Data in this exercise:
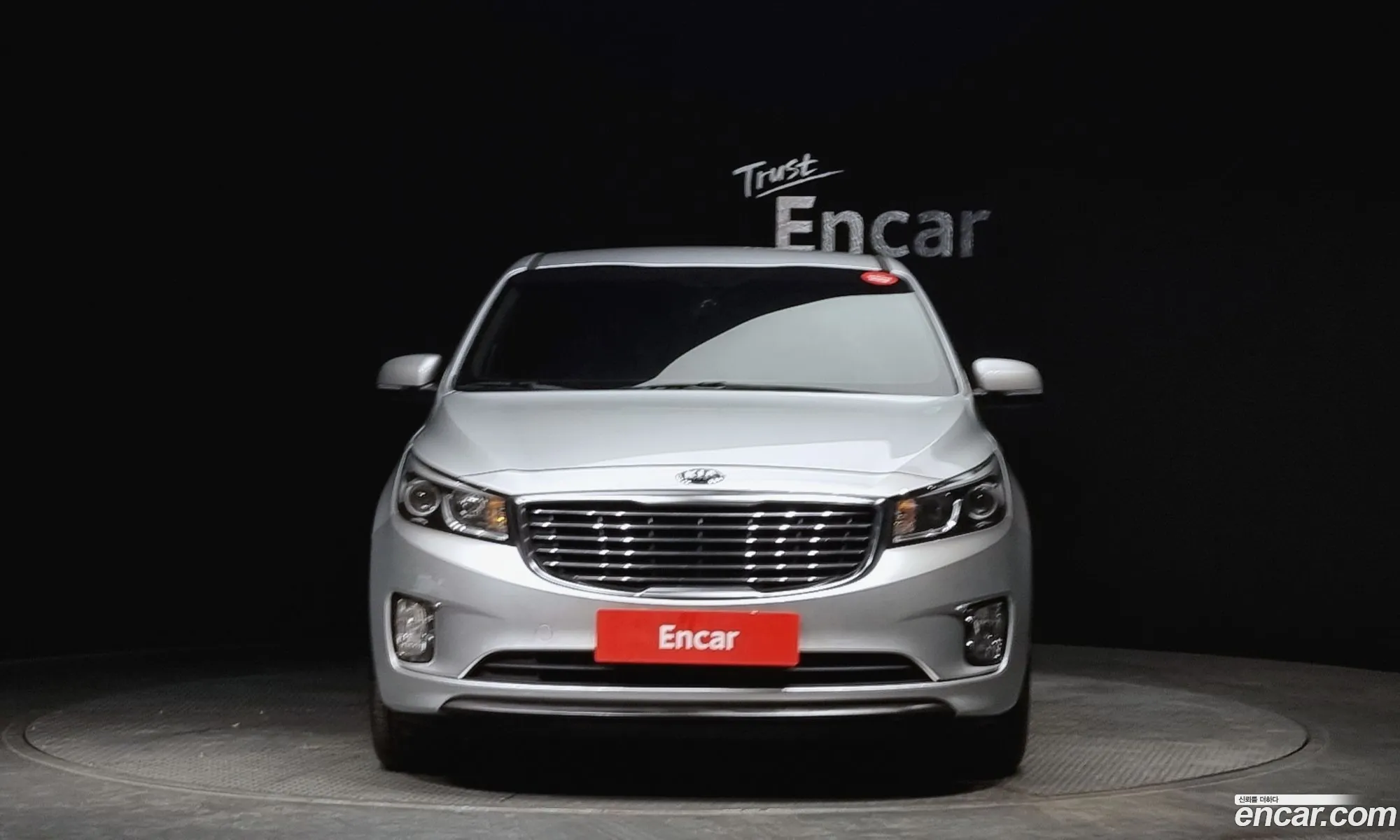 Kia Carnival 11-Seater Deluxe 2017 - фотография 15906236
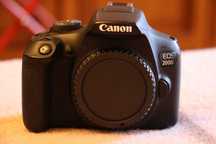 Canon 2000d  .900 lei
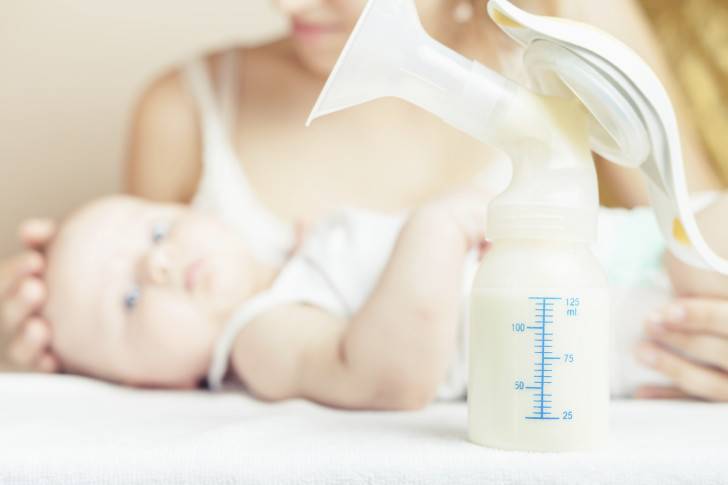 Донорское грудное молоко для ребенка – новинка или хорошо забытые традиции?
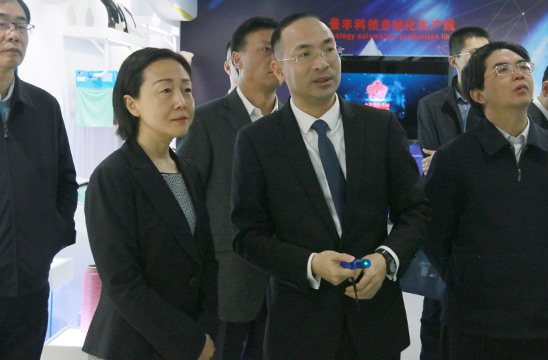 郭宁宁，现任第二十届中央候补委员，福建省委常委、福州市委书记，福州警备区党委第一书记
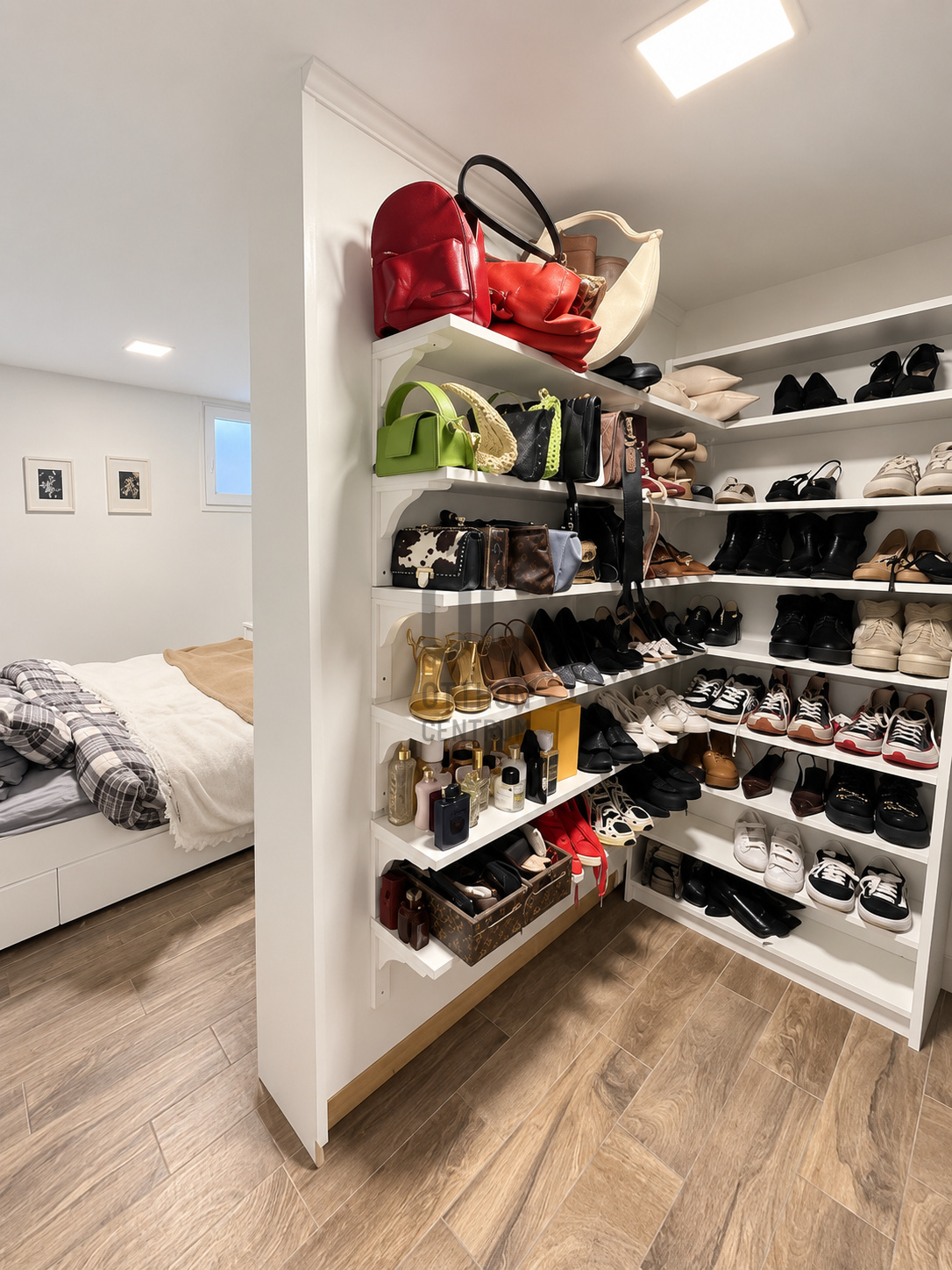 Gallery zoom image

* * *

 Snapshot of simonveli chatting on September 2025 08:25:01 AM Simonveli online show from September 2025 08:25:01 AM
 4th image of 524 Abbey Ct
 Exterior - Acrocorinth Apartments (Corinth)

---

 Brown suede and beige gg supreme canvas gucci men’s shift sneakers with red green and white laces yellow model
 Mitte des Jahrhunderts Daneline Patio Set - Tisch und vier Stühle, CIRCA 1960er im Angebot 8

Goal of the exercise:
All that belongs in the answer is the run of lines above from the line containing "4th image of 524 Abbey Ct" through the line containing "Exterior - Acrocorinth Apartments (Corinth)", exactly as written.

The answer:
 4th image of 524 Abbey Ct
 Exterior - Acrocorinth Apartments (Corinth)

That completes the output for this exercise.